-- Activity --
Begin the copy at the line containing "Mort de la Grand-rue" and end it at the final line of the material below, reproducing each line exactly, without images.

-- Task data --
□ □ □ □

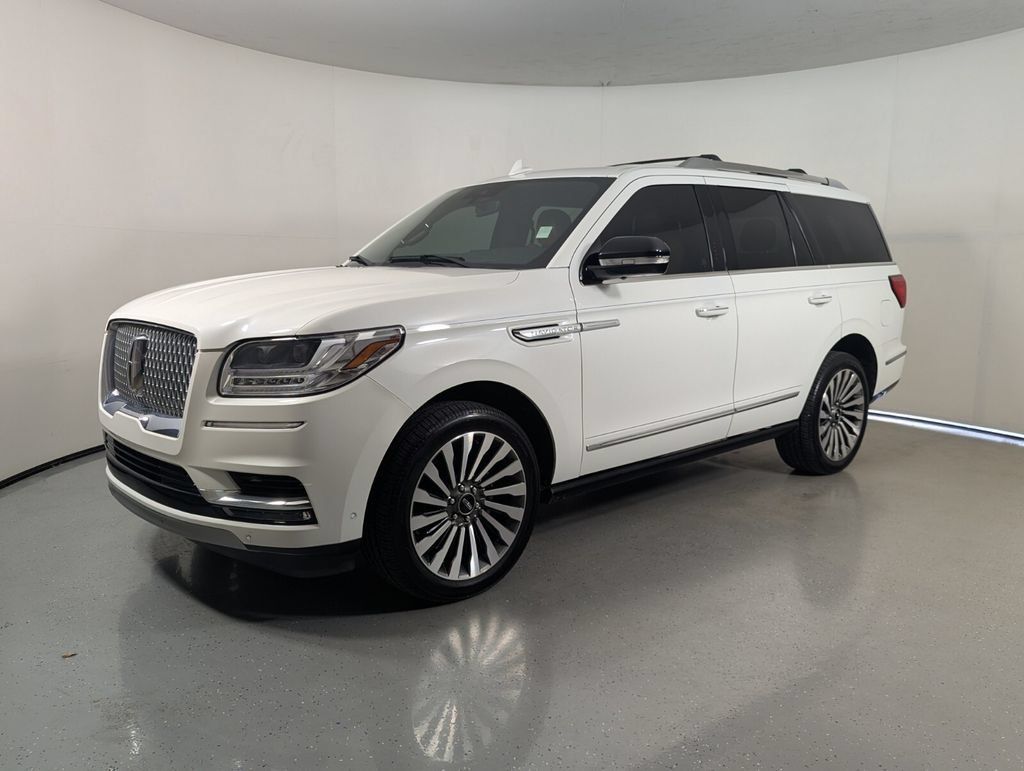 Used 2021 Lincoln Navigator Reserve RWD image 3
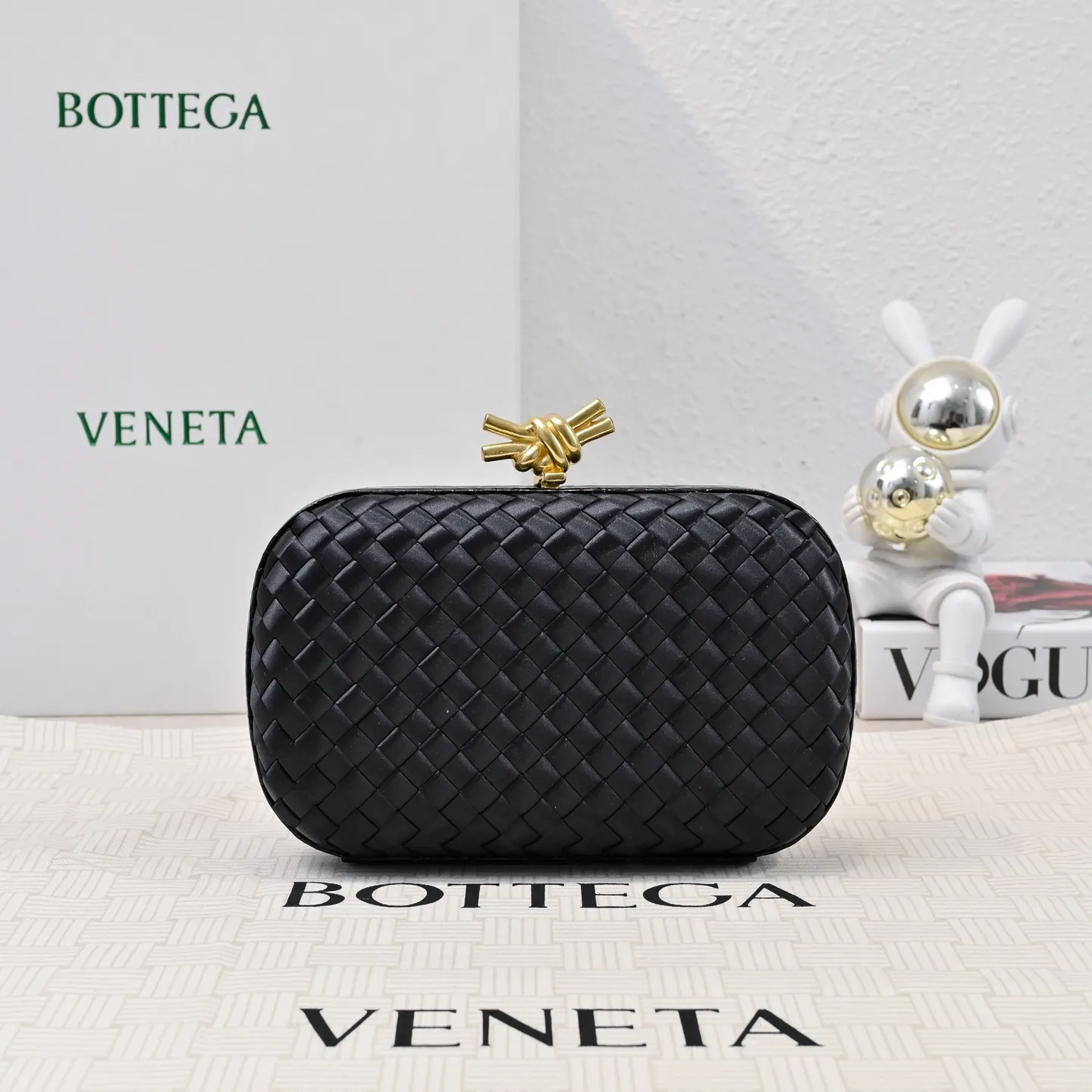 Batch 1460 #BV Knot woven evening bag series ~ Each bag reveals exquisite elegance💫Iconic classic silk weaving➕snake skin trimming with knot buckle, soft and delicate feel. The design is small and exquisite, low-key without logo, elegant and elegant. Paired with evening dress or cheongsam, it has the atmosphere of a famous and wealthy lady. Full of aura and invincible texture💃 Model: 7622 Dimensions: 20x12x5.5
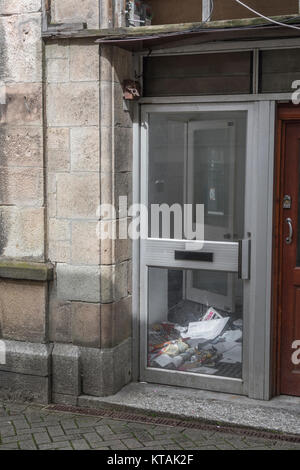 Mort de la Grand-rue métaphore / concept - sop vide porte avant avec des courriels et des lettres vu à travers la vitre. Banque D'Images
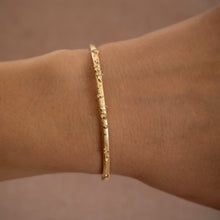 Load image into Gallery viewer, BR1002 | Diamond Cuff Bracelet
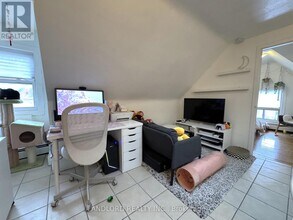 198 Dunn Ave in Toronto, ON - Building Photo - Building Photo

□ □ □ □

-- Completed task --
 Mort de la Grand-rue métaphore / concept - sop vide porte avant avec des courriels et des lettres vu à travers la vitre. Banque D'Images
 Load image into Gallery viewer, BR1002 | Diamond Cuff Bracelet
 198 Dunn Ave in Toronto, ON - Building Photo - Building Photo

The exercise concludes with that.